This invention relates to a method for reducing the level of elemental sulfur from sulfur-containing hydrocarbon streams as well as reducing the level of total sulfur in such streams. Preferred hydrocarbon streams include fuel streams such as naphtha and distillate streams that are transported through a pipeline. The sulfur-containing hydrocarbon stream is blended with an aqueous solution of water, a caustic, and at least one metal sulfide thereby resulting in an organic phase and an aqueous phase. The blended stream is then passed through a bed of solids having a suitable surface area so that a substantial amount of the sulfur moieties are removed by the aqueous phase
It is well known that elemental sulfur in hydrocarbon streams, such as petroleum streams, is corrosive and damaging to metal equipment. Elemental sulfur and sulfur compounds may be present in varying concentrations in refined petroleum streams, such as in gasoline boiling range streams. Additional contamination will typically take place as a consequence of transporting the refined stream through pipelines that contain sulfur contaminants remaining in the pipeline from the transportation of sour hydrocarbon streams, such as petroleum crudes. The sulfur also has a particularly corrosive effect on equipment, such as brass valves, gauges and in-tank fuel pump copper commutators.
Various techniques have been reported for removing elemental sulfur from petroleum streams.
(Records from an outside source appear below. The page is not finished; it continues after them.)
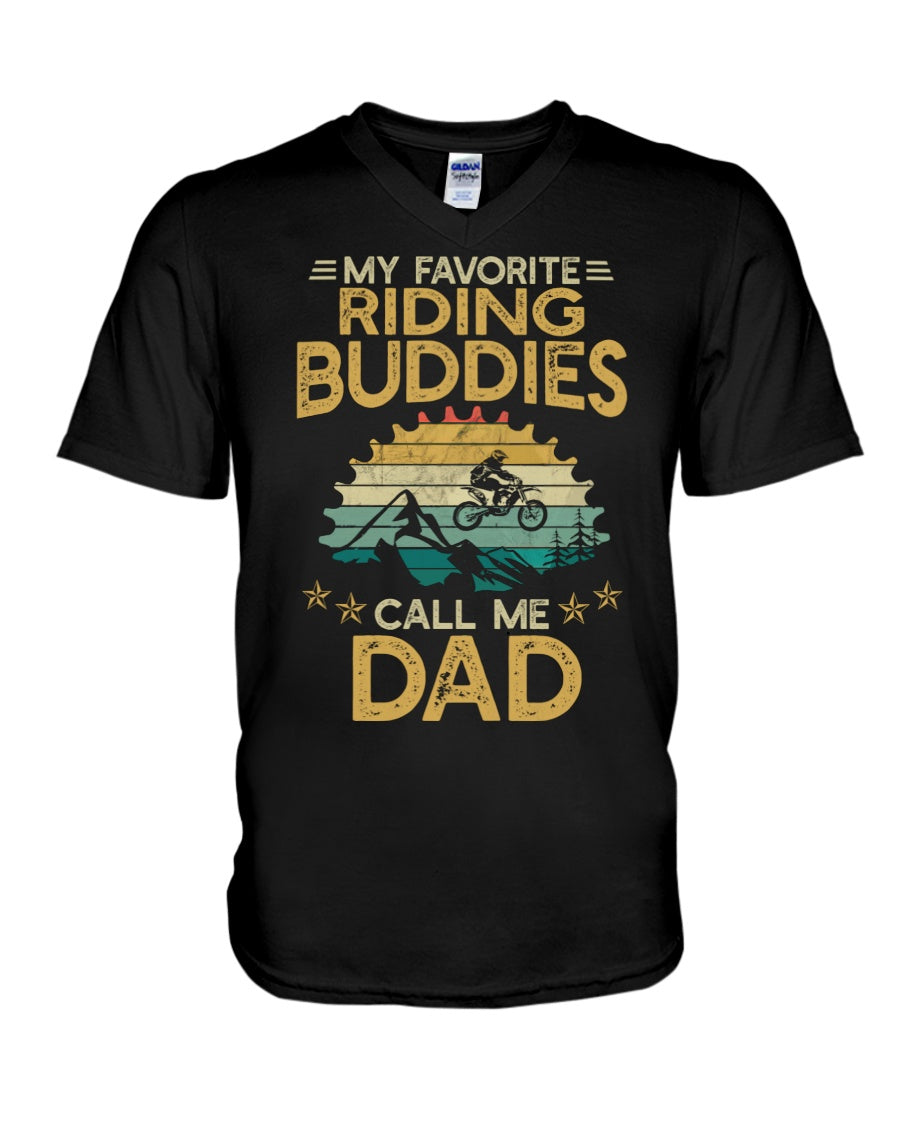 Motocross - My Favorite Riding Buddies Call Me Dad - Dirt Bike T-shirt and Hoodie 0921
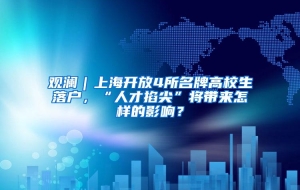 观澜｜上海开放4所名牌高校生落户，“人才掐尖”将带来怎样的影响？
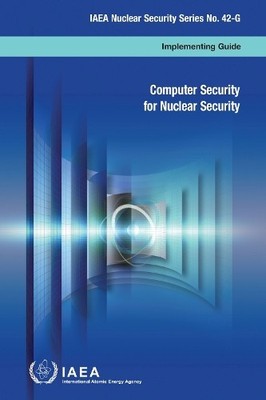 Computer Security for Nuclear Security (Spanish Edition) - 9789203400213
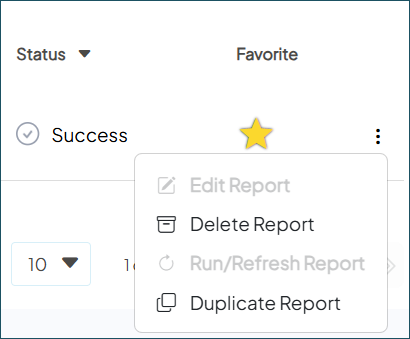 Screenshot of the actions menu expanded next to a sample aggregate report that has been run successfully. The Delete Report and Duplicate Report options are accessible. The Edit Report and Run/Refresh Report options are disabled.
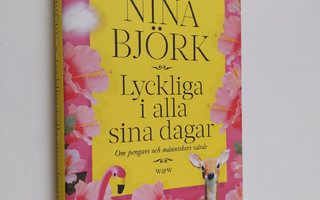 Nina Björk : Lyckliga i alla sina dagar : om pengars och ...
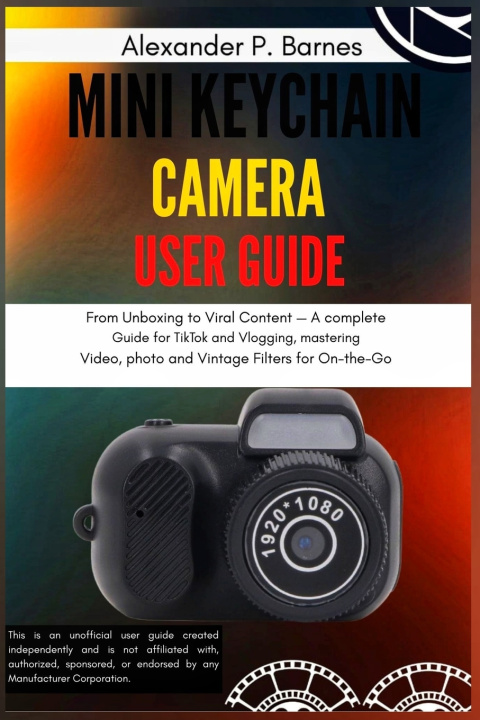Kniha Mini Keychain Camera User Guide Alexander P. Barnes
For example, U.S. Pat. No. 4,149,966 discloses a method for removing elemental sulfur from refined hydrocarbon fuel streams by adding an organo-mercaptan compound plus a copper compound capable of forming a soluble complex with the mercaptan and sulfur. The fuel is contacted with an adsorbent material to remove the resulting copper complex and substantially all the elemental sulfur.
U.S. Pat. No. 4,011,882 discloses a method for reducing sulfur contamination of refined hydrocarbon fluids transported in a pipeline for the transportation of sweet and sour hydrocarbon fluids by washing the pipeline with a wash solution containing a mixture of light and heavy amines, a corrosion inhibitor, a surfactant and an alkanol containing from 1 to 6 carbon atoms.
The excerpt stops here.